Measurement of Renal Plasma Flow; Renal Clearance of PAH
Para-aminohippuric acid (PAH) undergoes both glomerular filtration and tubular secretion by a rate limited active transport mechanism. If the plasma PAH concentration (PPAH) is low enough that the peritubular load of PAH is below the PAH Tm, then PAH will be completely cleared from the plasma in a single pass through the kidney. Under these circumstances the renal venous PPAH will be zero and will drop out of the denominator in the Fick equation. The renal clearance of PAH then becomes an estimate of renal plasma flow.
Some PAH, however, does appear in the renal venous blood because 5-10% of the PAH is in blood that perfuses nonfunctional regions of the kidney and PAH has an extraction ratio of about 0.90 to 0.95. This means that approximately 90 to 95 % of the PAH is removed from the renal blood flow in a single passage through the kidneys.

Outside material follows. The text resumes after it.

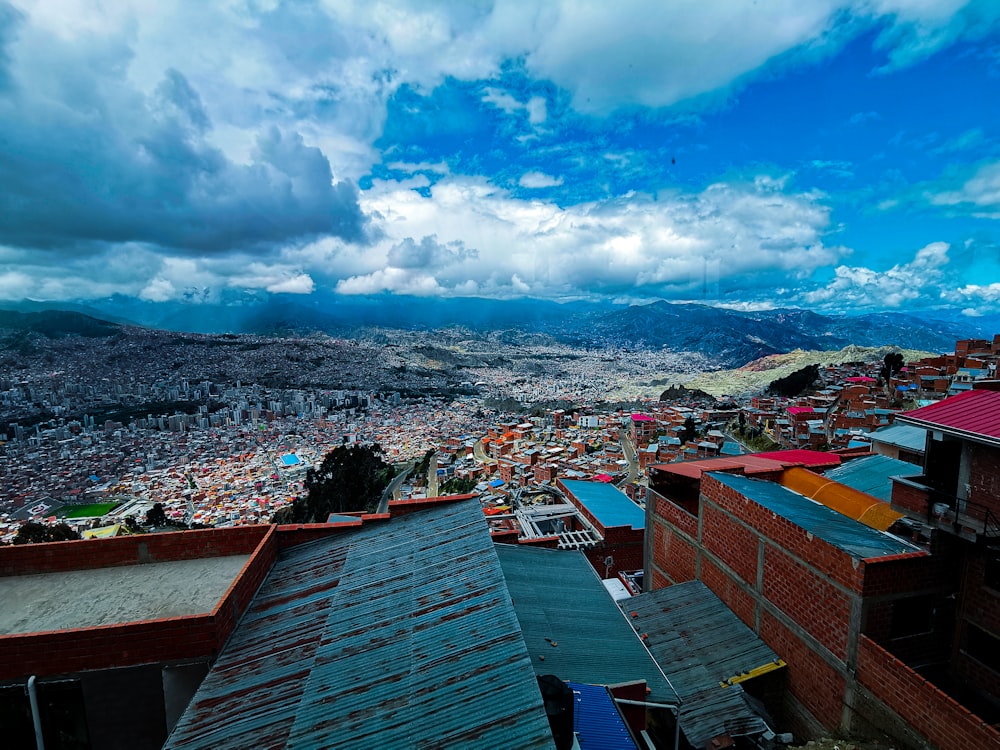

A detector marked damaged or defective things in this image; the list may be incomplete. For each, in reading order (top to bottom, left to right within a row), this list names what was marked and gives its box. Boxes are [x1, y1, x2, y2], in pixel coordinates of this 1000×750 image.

rusted metal roof [896, 394, 1000, 446]
rusted metal roof [164, 500, 556, 750]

The clearance of PAH is therefore called the effective renal plasma flow (ERPF), where effective connotes the fraction of the total renal plasma flow that perfuses functional portions of the nephron where it can be filtered and secreted.
If the PPAH rises to levels at which the peritubular load of PAH exceeds its secretory Tm then the amount secreted becomes constant, PAH appears in the renal venous plasma and PAH excretion increases only in proportion to the increase in filtered PAH. The PAH excreted is less than that contained in the renal plasma flow and CPAH underestimates the ERPF.
Once ERPF is measured by the clearance of PAH, effective renal blood flow (ERBF) can be calculated as shown in the figure from the relationship ERBF = ERPF ¸ (1-Hematocrit). Also shown is that if the PAH extraction ratio is known the actual or total renal plasma flow or blood flow can be calculated.